Workaround: call model.train() before calling model.load_state_dict().
To reproduce
import copy
import botorch
import gpytorch
import torch
train_X = torch.tensor([[0., 0.],
[0.1, 0.1],
[0.5, 0.5]])
train_Y = torch.tensor([[0.],
[0.5],
[1.0]])
test_X = torch.tensor([[0.3, 0.3]])
model = botorch.models.SingleTaskGP(
train_X, train_Y,
# This is one example input transform that stores trained parameters in the
# state dict
input_transform=botorch.models.transforms.Warp(indices=[0, 1]))
state_dict = copy.deepcopy(model.state_dict())
# Check initial behavior
model.eval()
print(f"Before: {model(test_X).mean.item()}")
# Train model, adjusting the Warp parameters and caching transformed inputs
botorch.fit_gpytorch_mll(
gpytorch.mlls.ExactMarginalLogLikelihood(model.likelihood, model)
)
# Workaround: uncomment following line
# model.train()
# Revert to original parameters
model.load_state_dict(state_dict)
# Verify that output matches original output
model.eval()
print(f"After: {model(test_X).mean.item()}")
Actual output
Before: 0.2642167806625366
After: 0.21983212232589722
Expected output
Before: 0.2642167806625366
After: 0.2642167806625366
System information
BoTorch 0.7.2 GPyTorch 1.9.0 PyTorch 1.13.0 MacOS 13.0
This is just a product of how these transforms are implemented. Their attributes not cached the way GPyTorch caches the train_train_covar etc, but are buffers (or parameters in the case of Warp) that are learnable (or trainable). They will be included in the output of model.state_dict(), and likewise should be included in the model.load_state_dict(state_dict) call if you want them to get updated.
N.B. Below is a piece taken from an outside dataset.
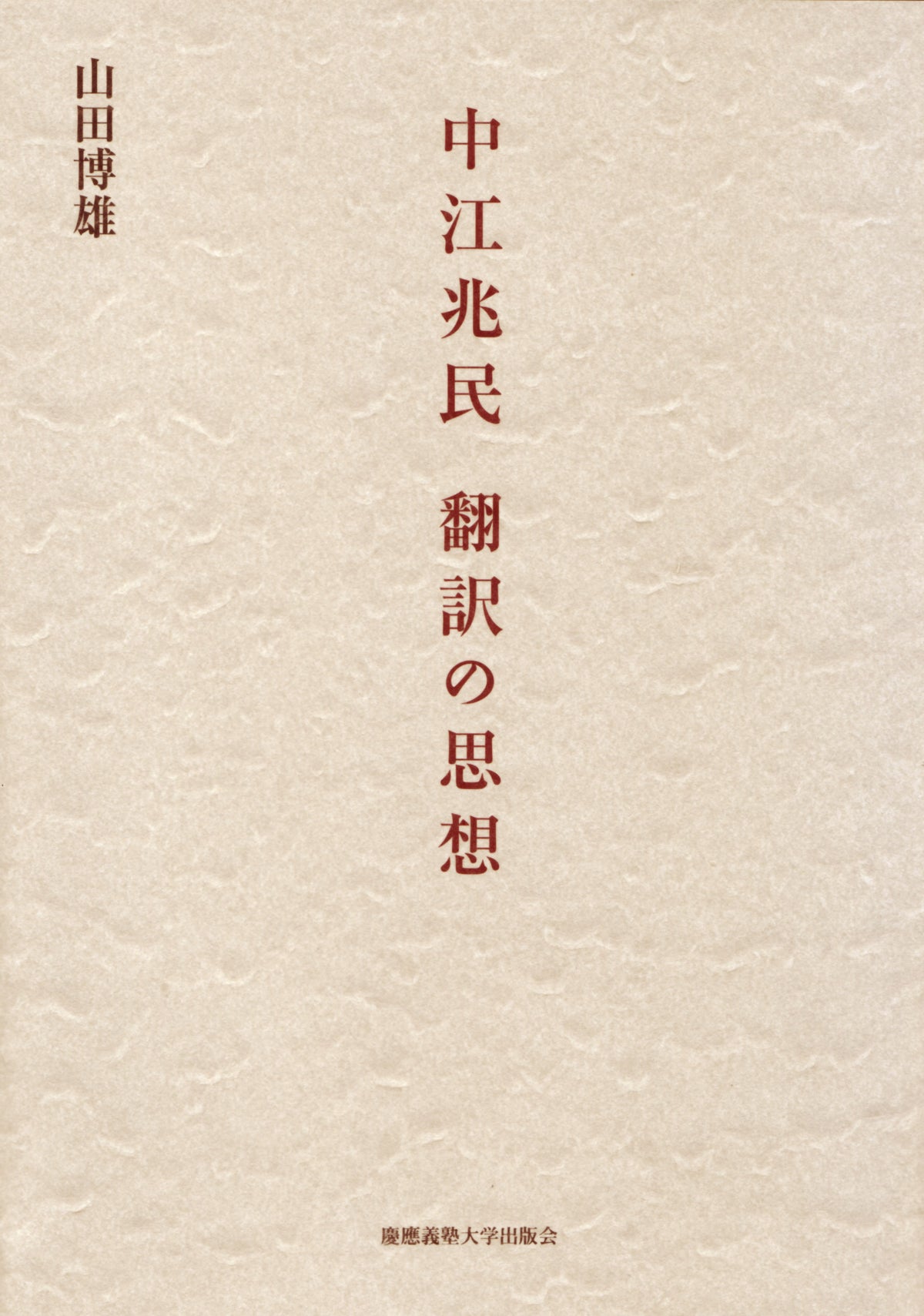 中江兆民 翻訳の思想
For the particular example of Warp, it is a trainable transform. It has parameters that are trained alongside other model hyper parameters. So, invalidating these on load_state_dict would not lead to any meaningful outcomes when you call the model (unless you train the model afterwards).
It also seems like the differences you see in your example are not due to some caching on the side of Warp or any buffers. When you call model.load_state_dict(state_dict) you reset the parameters of Warp to the originals (can be verified by checking state_dict). ~~The thing that changes on train call is GPyTorch deletes the prediction_strategy. So, the caches that stick around are actually the caches on model.prediction_strategy.~~
Nevermind, I was printing the prediction_strategy in the wrong spot.
Ok, here's what's happening. After the model training, an mll.eval() call triggers this bit of code that updates model.train_inputs with the transformed inputs. When you reload the state dict, you reset the input transform but not the transformed inputs - thus the odd behavior. The model.train() call reverts the train inputs to the originals, fixing this mismatch. This behavior will be cleaned up as part of #1372, which I will get back to in the next couple weeks.
Another thing to note is currently in eval model, for the input transforms to be applied, you should call the model through model.posterior. Otherwise, the input transforms will only be applied when the model is in train mode, leading to buggy behavior. This is also being cleaned up as part of #1372.
Cool, I'm looking forward to watching that PR. Maybe this is obvious at this point, but a quick fix to the current codebase would be to add to botorch.models.Model:
def _load_from_state_dict(self, *args, **kwargs):
self._revert_to_original_inputs()
super()._load_from_state_dict(*args, **kwargs)
(Here I'm just copying the approach used in gpytorch.)